START Available data

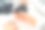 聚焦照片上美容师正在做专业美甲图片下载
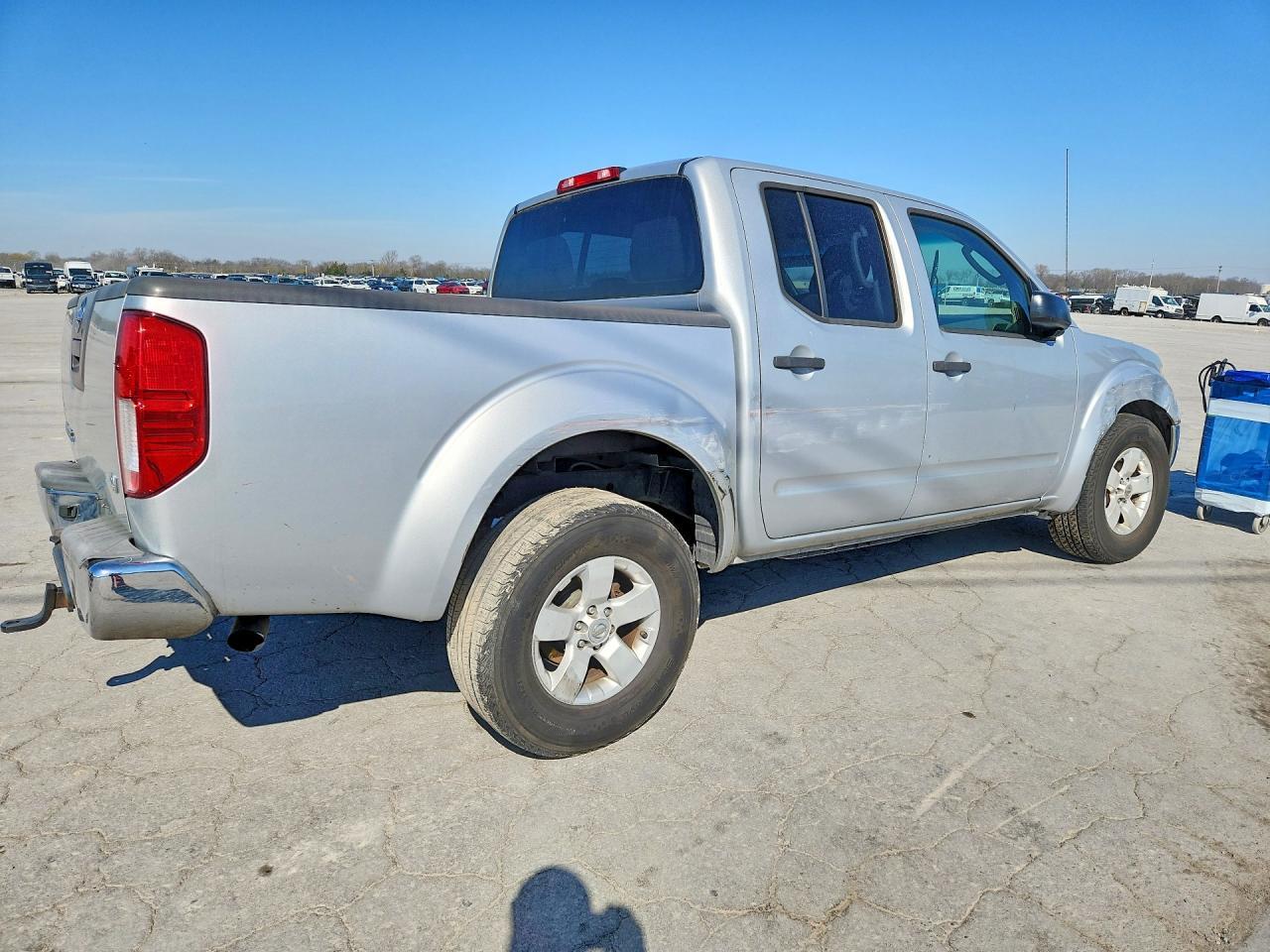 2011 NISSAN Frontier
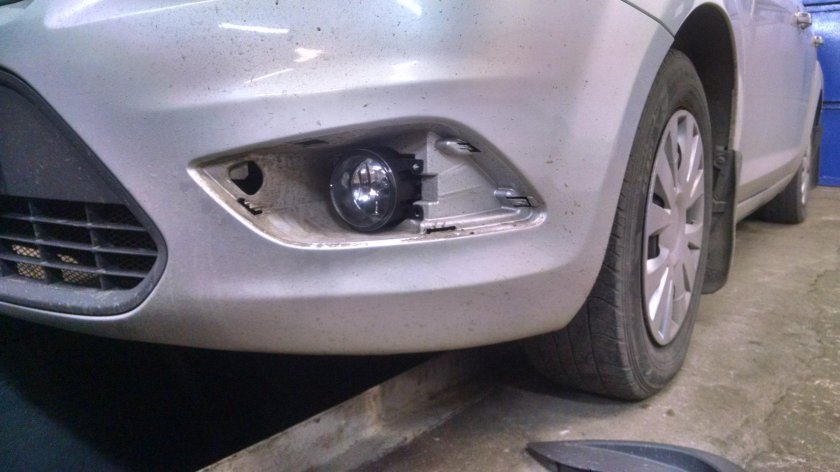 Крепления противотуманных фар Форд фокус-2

END Available data
START Available data

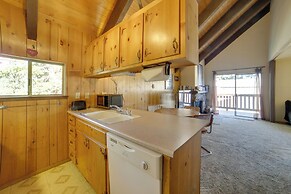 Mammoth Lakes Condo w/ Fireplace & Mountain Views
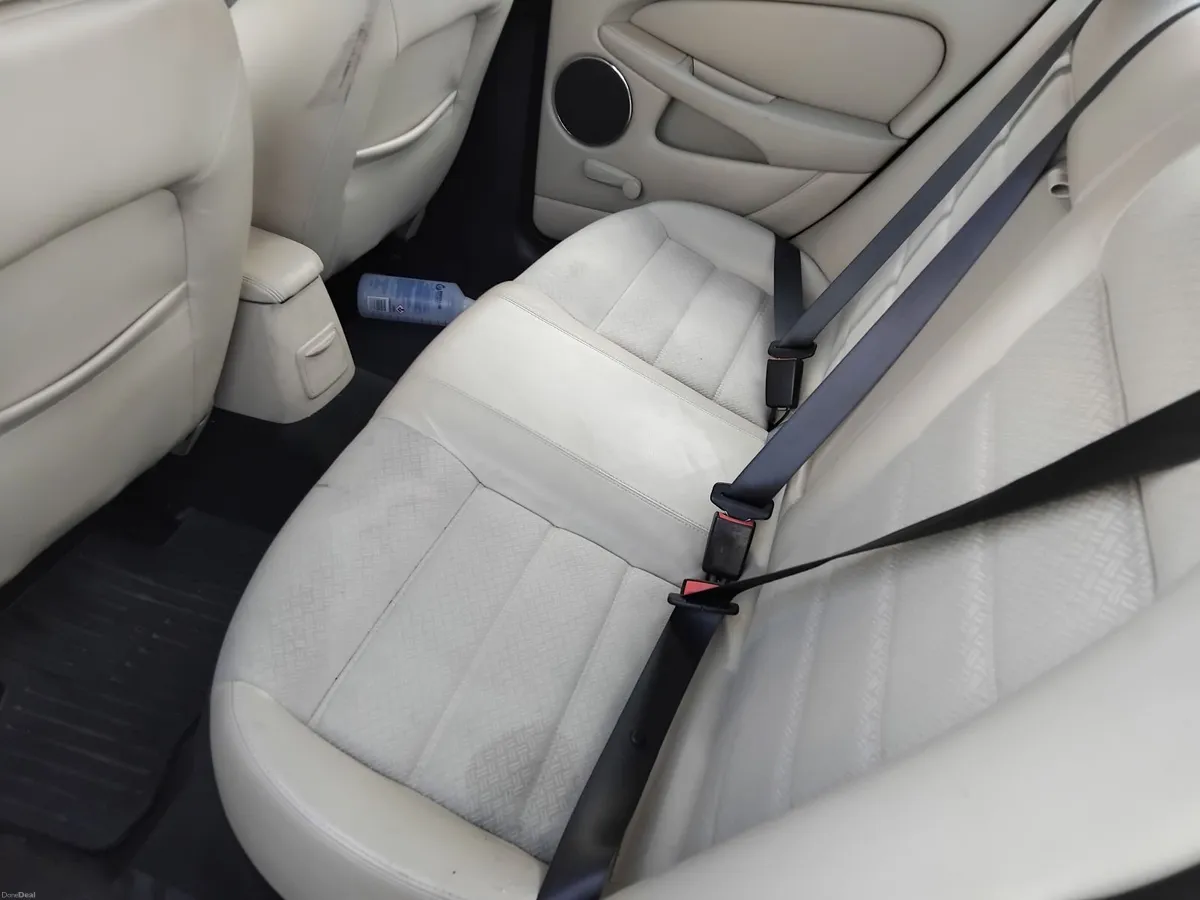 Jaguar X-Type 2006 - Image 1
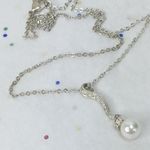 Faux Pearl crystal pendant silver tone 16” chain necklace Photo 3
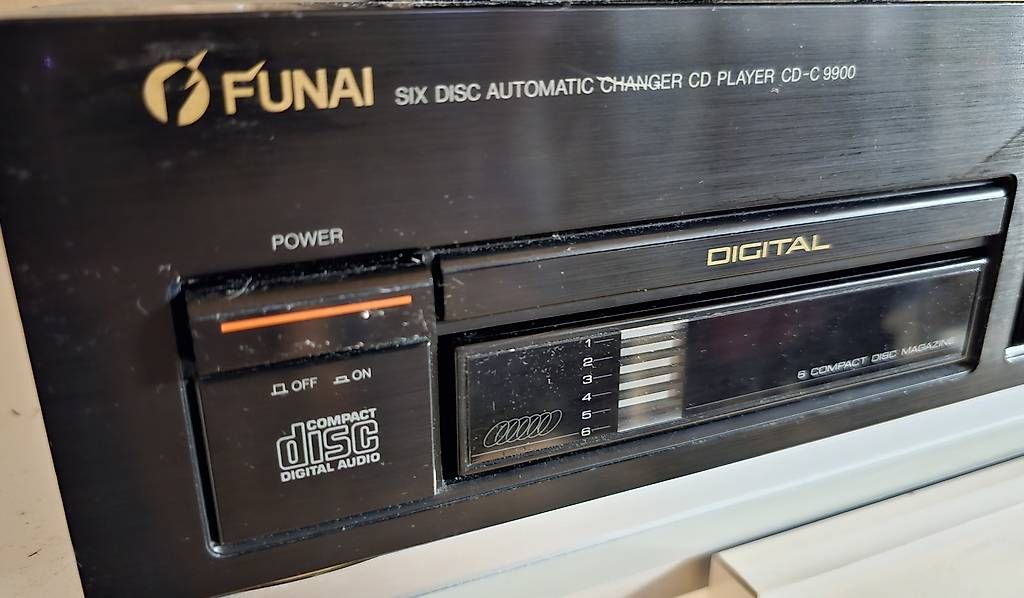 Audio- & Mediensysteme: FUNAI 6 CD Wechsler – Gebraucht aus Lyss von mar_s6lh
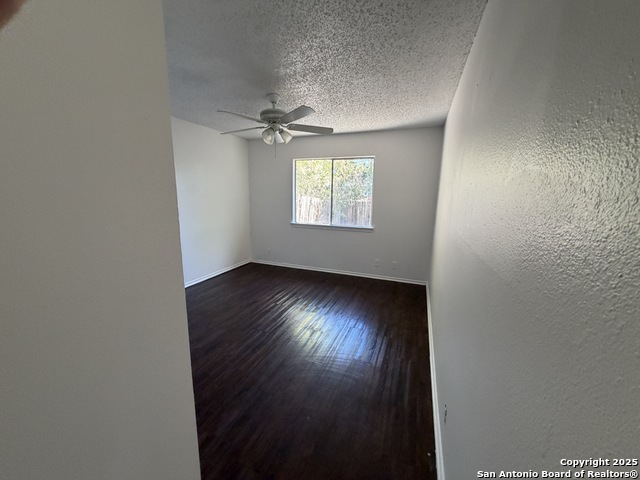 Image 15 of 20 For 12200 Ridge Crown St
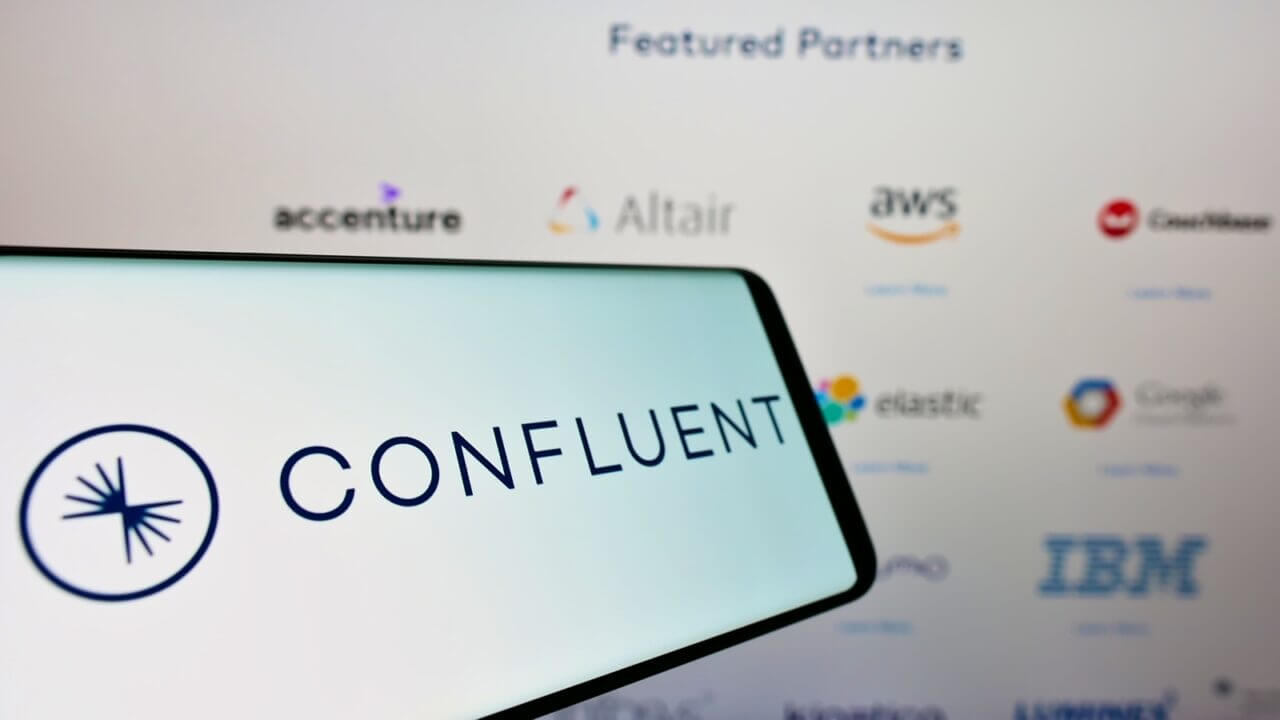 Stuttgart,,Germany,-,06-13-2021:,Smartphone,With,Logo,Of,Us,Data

END Available data

◆ Assigned task
For this task, return exactly the stretch of the listing above from the line with "聚焦照片上美容师正在做专业美甲图片下载" through the line with "Крепления противотуманных фар Форд фокус-2", inclusive and without pictures.

◆ Solution to this task
 聚焦照片上美容师正在做专业美甲图片下载
 2011 NISSAN Frontier
 Крепления противотуманных фар Форд фокус-2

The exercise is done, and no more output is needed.